# Math Help - first-countable...

1. ## first-countable...

Let $\{X_i\}_{i \in I}$ a family of topological spaces. Prove that the product space $\prod X_i$ is first-countable if and only if each $X_i$ are first-countable, and every space $X_i$, except for a countable quantity, are indiscrete.

I have no idea... Maybe something for the converse, but probably I´m wrong...

2. Originally Posted by Inti
Let $\{X_i\}_{i \in I}$ a family of topological spaces. Prove that the product space $\prod X_i$ is first-countable if and only if each $X_i$ are first-countable, and every space $X_i$, except for a countable quantity, are indiscrete.

I have no idea... Maybe something for the converse, but probably I´m wrong...
Definition. A space X is first countable provided that there is a countable local basis at each point of X.

$(\Rightarrow)$
Assume $\prod_{i \in I}{X_i}$ is first countable. Then, for each $x = {(x_i)}_{i \in I}$ lies in $\prod_{i \in I}{X_i}$, there is a countable local basis at $x = {(x_i)}_{i \in I}$. Let a countable union of countable product set $\prod{(U_{x_i})}_i$ be such a countable local basis at $x = {(x_i)}_{i \in I}$, where ${(U_{x_i})}_i$ is a local basis at each $x_i \in X_i$ for finitely many values of $i$ and ${(U_{x_i})}_i = X_i$ for all other values of i. It follows that ${(U_{x_i})}_i$ should be all countable since $\prod_{i \in I}{X_i}$ has a countable local basis for each x lies in $\prod_{i \in I}{X_i}$ by hypothesis. Thus, each ${(U_{x_i})}_i$ can be the required countable local basis at each $x_i \in X_i$ and we conclude that $X_i$ is first-countable.
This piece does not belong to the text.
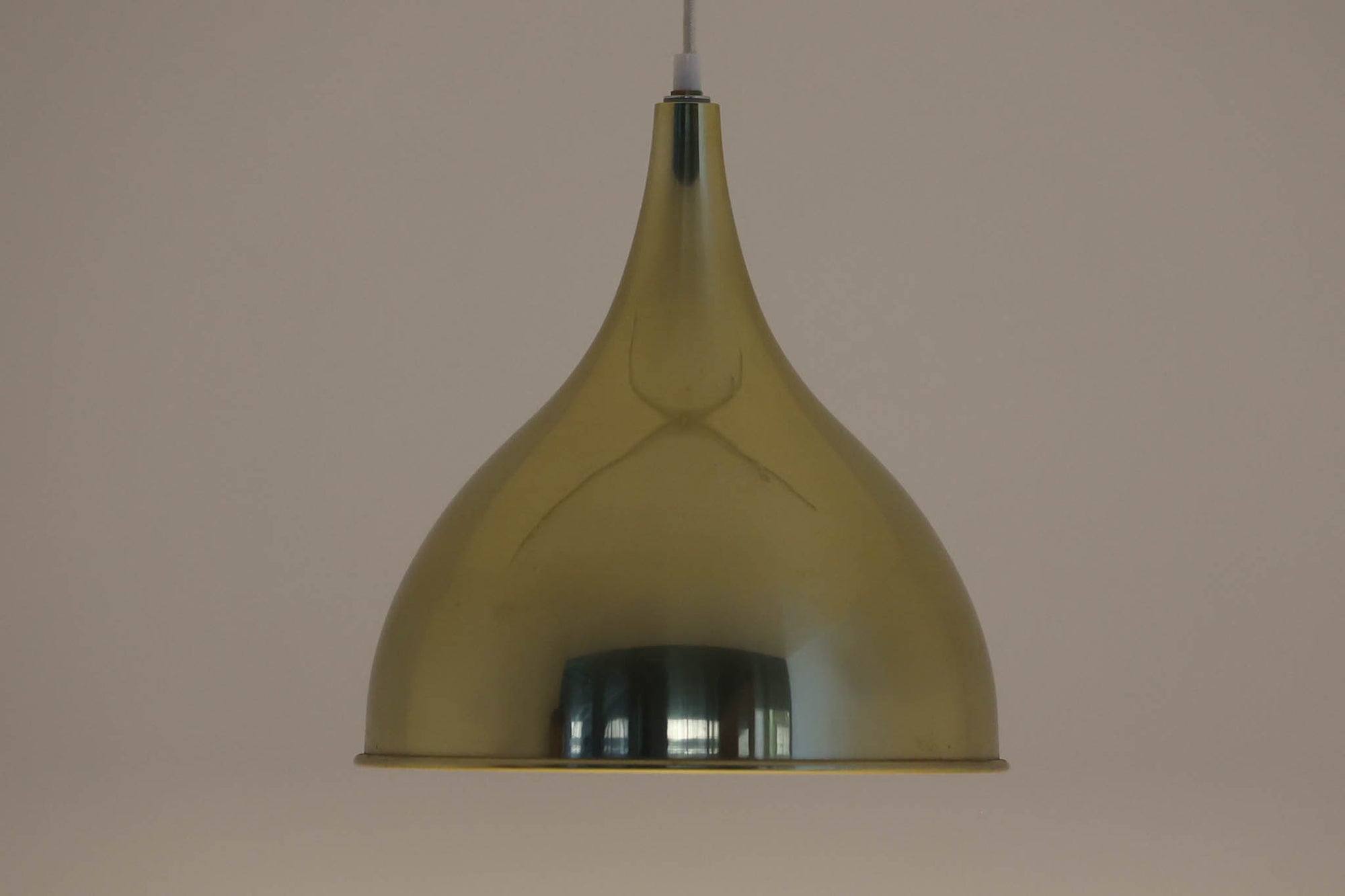 デンマークから買い付けました。1977年のFog & morup社のカタログにも掲載されている「Silhuet」です。真鍮塗装を施された有機的な形状のアルミニウムシェードが特徴です。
Since a countable union of $\prod{(U_{x_i})}_i$ is countable, ${(U_{x_i})}_i = X_i$ for all but countable values of i. Thus, $X_i$ should be indiscrete for all but countable values of i.

$(\Leftarrow)$
Assume each $X_i$ is first-countable, and every space $X_i$, except for a countable quantity, are indiscrete.
Let $x = {(x_i)}_{i \in I}$ lies in $\prod_{i \in I}{X_i}$. If $(\beta_{x_i})_i$ is a countable local basis at $x_i$ for the space $X_i$, then the countable union of products $\prod{(U_{x_i})}_{i}$, where ${(U_{x_i})}_i = {(\beta_{x_i})}_i$ for finitely many values of $i$ and ${(U_{x_i})}_i = X_i$ for all the other values of $i$ is the desired countable local basis for $x = {(x_i)}_{i \in I}$ lies in $\prod_{i \in I}{X_i}$. Thus, $\prod_{i \in I}{X_i}$ is first countable.